Brief descriptive captions
........
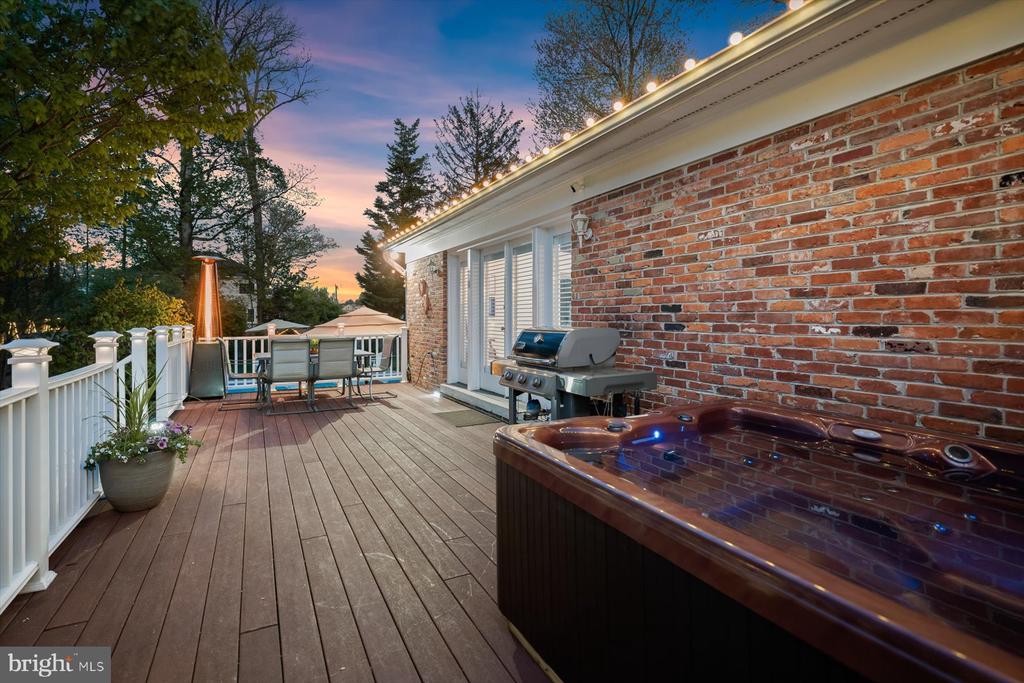 2807 MAPLE LANE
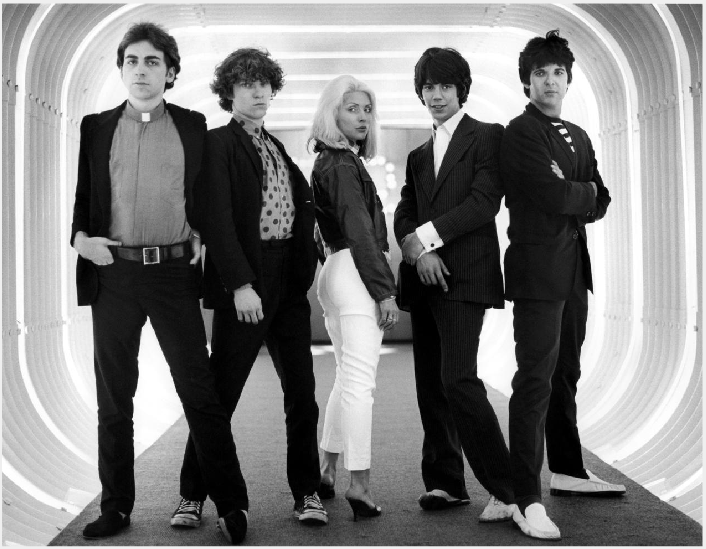 Thanks to a tip from  @ellenville8, here's Blondie photographed in the tunnel at 127 John Street, by Bob Gruen (l). And here's the punk band Kraut (r).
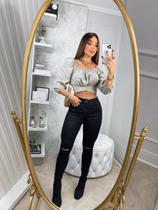 Calça Shinny Preta com rasgo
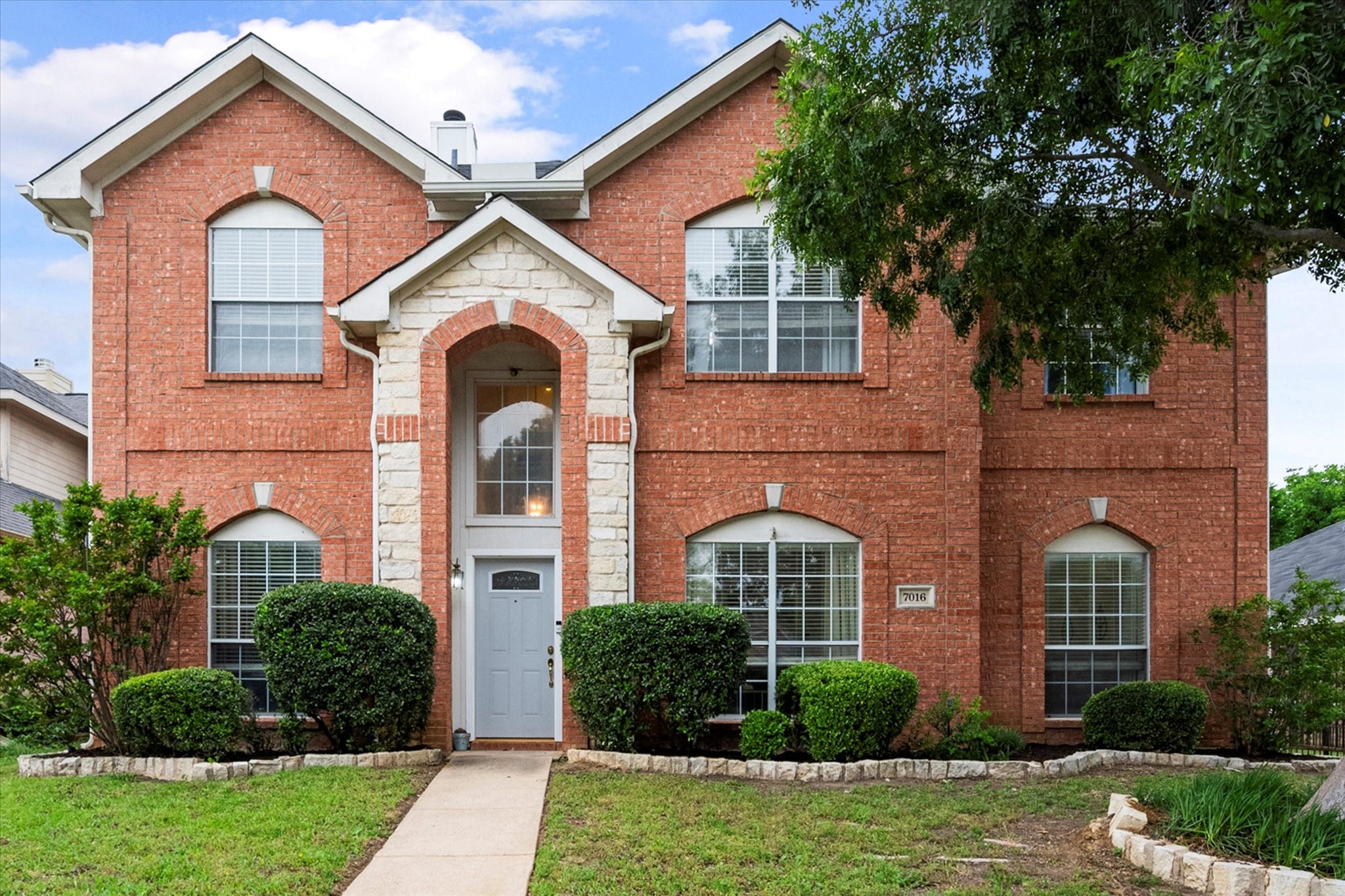 7016 Echo Lake Court Arlington TX 76001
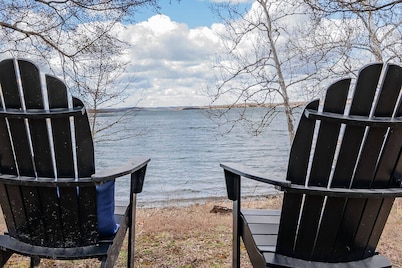 Ground-Level Waterside Suite, Pet Friendly, Community Hot Tub, Free Tickets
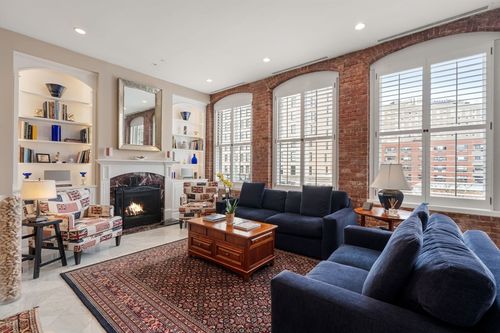 402403-6 Edgerly Pl, Boston, MA, 02116-5327 | Card Image
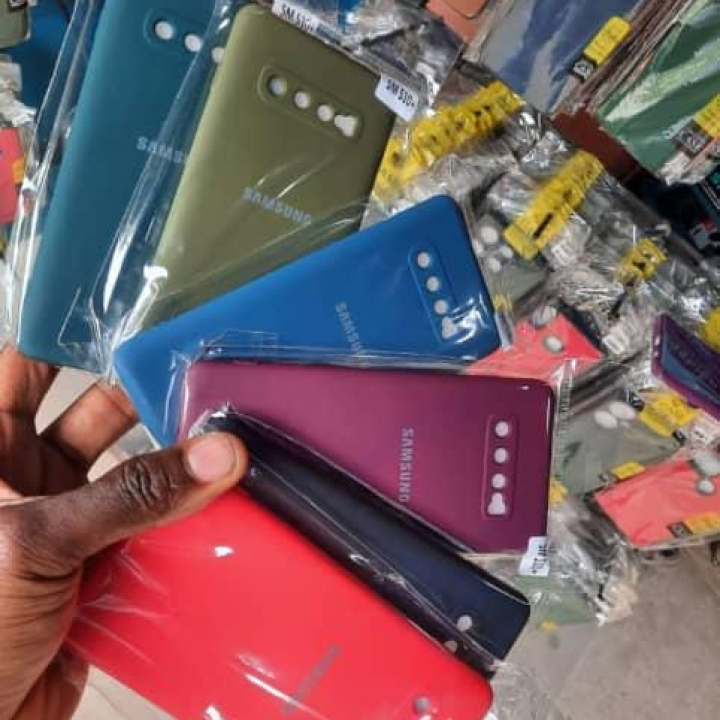 pochette téléphone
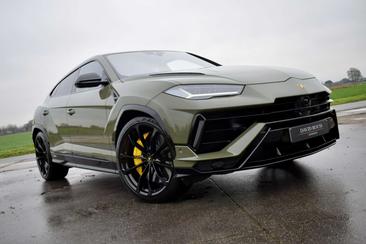Lamborghini Urus — photo 45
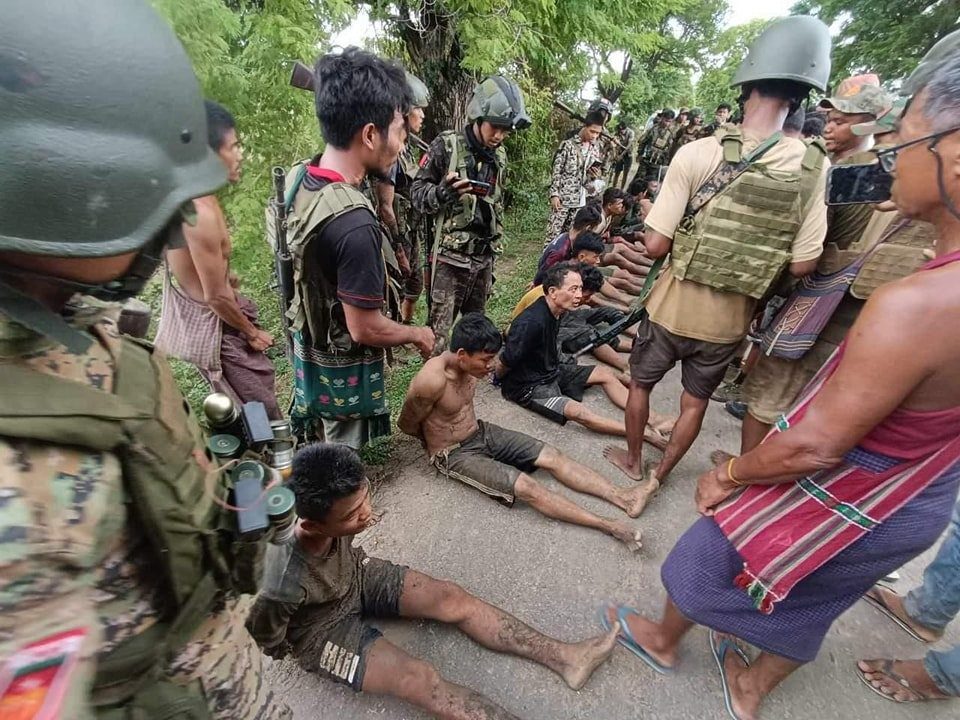 (ဘုတလင်မြို့နယ် တိုက်ပွဲအတွင်း ဖမ်းမိထားသည့် စစ်သုံ့ပန်းများကို ၂၀၂၄ စက်တင်ဘာ ၃၀ ရက်က တွေ့ရစဥ်။ ဓာတ်ပုံ - ထူးခန့်ဇော်)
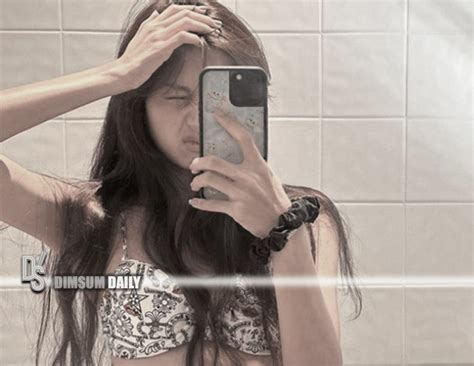 BLACKPINK S Lisa Surprises Fans With Bikini Photos Flaunting Her Stunning Figure Dimsum Daily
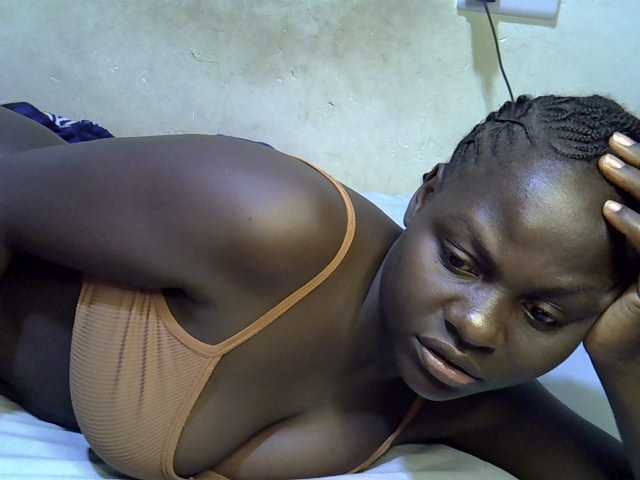 African-qeen1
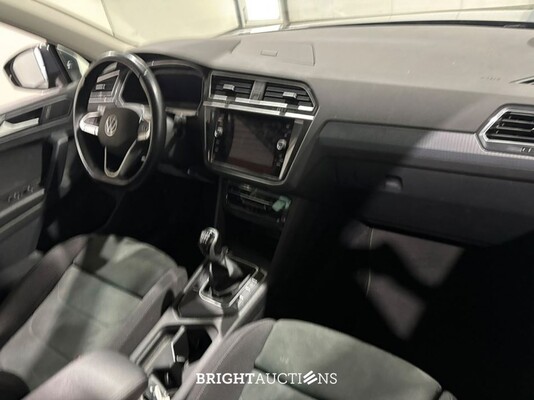 Volkswagen Tiguan Life Business 1.5 TSI 131pk 2022 (Origineel-NL), N-693-SJ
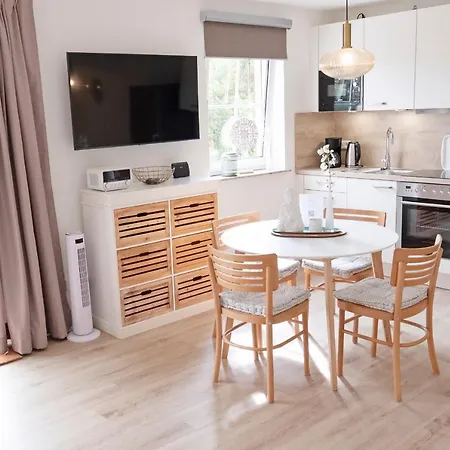 Fewo1846 Strandresidenz Wassersleben - Ostseenest - Modernes Studioapartment Mit Balkon Am 아파트 *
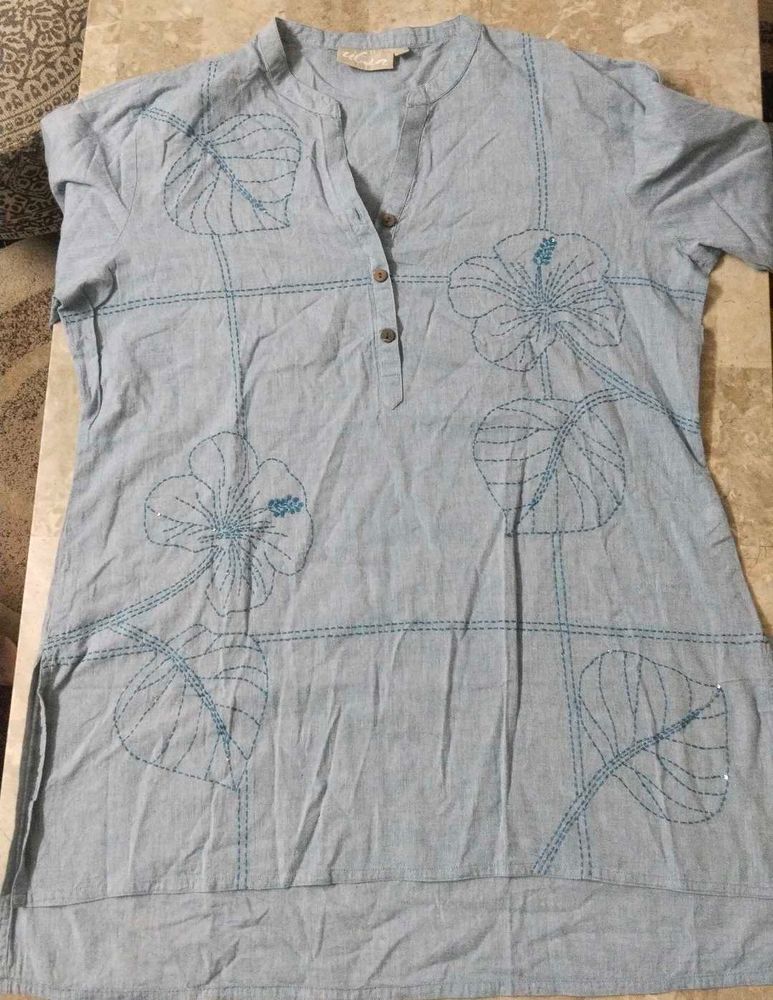 Blue Floral Embroidered Kurta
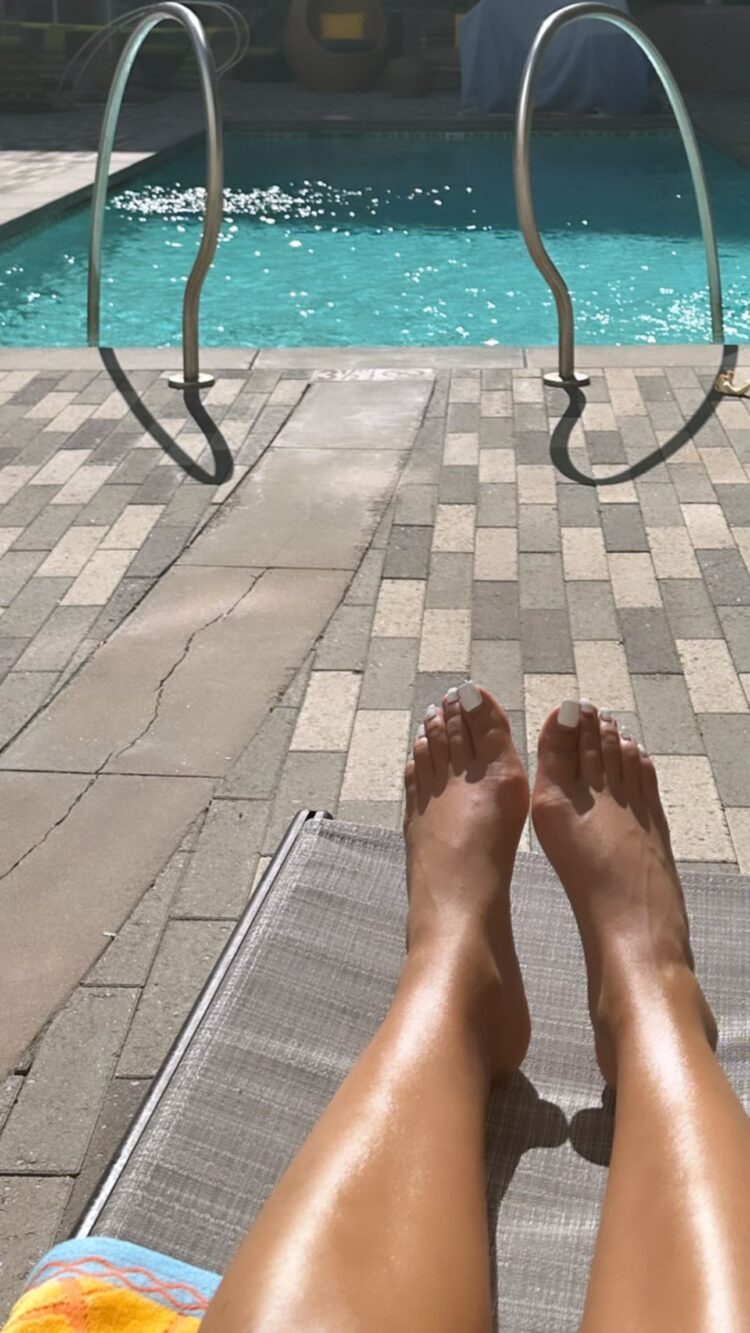 cydney christine feet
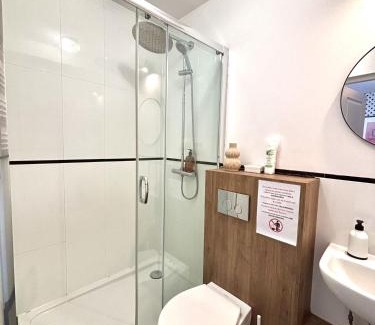 Srodmiescie Połnocne Apartment | Royal - Studio in Central Warsaw by Metro Świętokrzyska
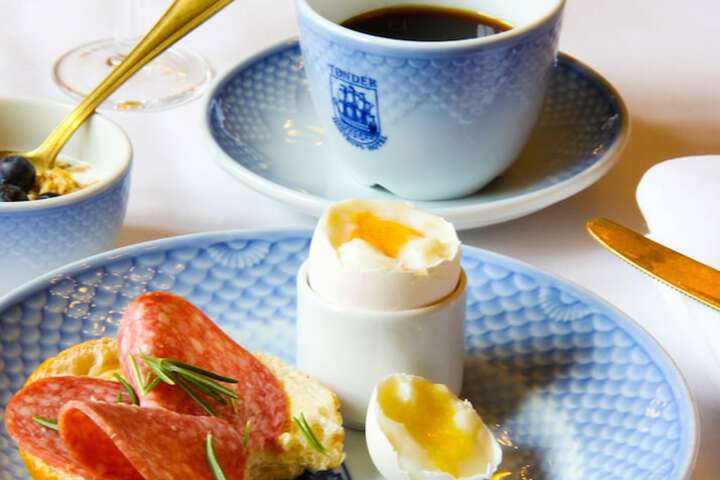 Breakfast/Coffee Service 30 of 41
........
Your instructions:
Starting at the line containing "Calça Shinny Preta com rasgo" and finishing at the line containing "cydney christine feet", return those lines exactly as they appear above, without the pictures.

Your response:
 Calça Shinny Preta com rasgo
 7016 Echo Lake Court Arlington TX 76001
 Ground-Level Waterside Suite, Pet Friendly, Community Hot Tub, Free Tickets
 402403-6 Edgerly Pl, Boston, MA, 02116-5327 | Card Image
 pochette téléphone
Lamborghini Urus — photo 45
 (ဘုတလင်မြို့နယ် တိုက်ပွဲအတွင်း ဖမ်းမိထားသည့် စစ်သုံ့ပန်းများကို ၂၀၂၄ စက်တင်ဘာ ၃၀ ရက်က တွေ့ရစဥ်။ ဓာတ်ပုံ - ထူးခန့်ဇော်)
 BLACKPINK S Lisa Surprises Fans With Bikini Photos Flaunting Her Stunning Figure Dimsum Daily
 African-qeen1
 Volkswagen Tiguan Life Business 1.5 TSI 131pk 2022 (Origineel-NL), N-693-SJ
 Fewo1846 Strandresidenz Wassersleben - Ostseenest - Modernes Studioapartment Mit Balkon Am 아파트 *
 Blue Floral Embroidered Kurta
 cydney christine feet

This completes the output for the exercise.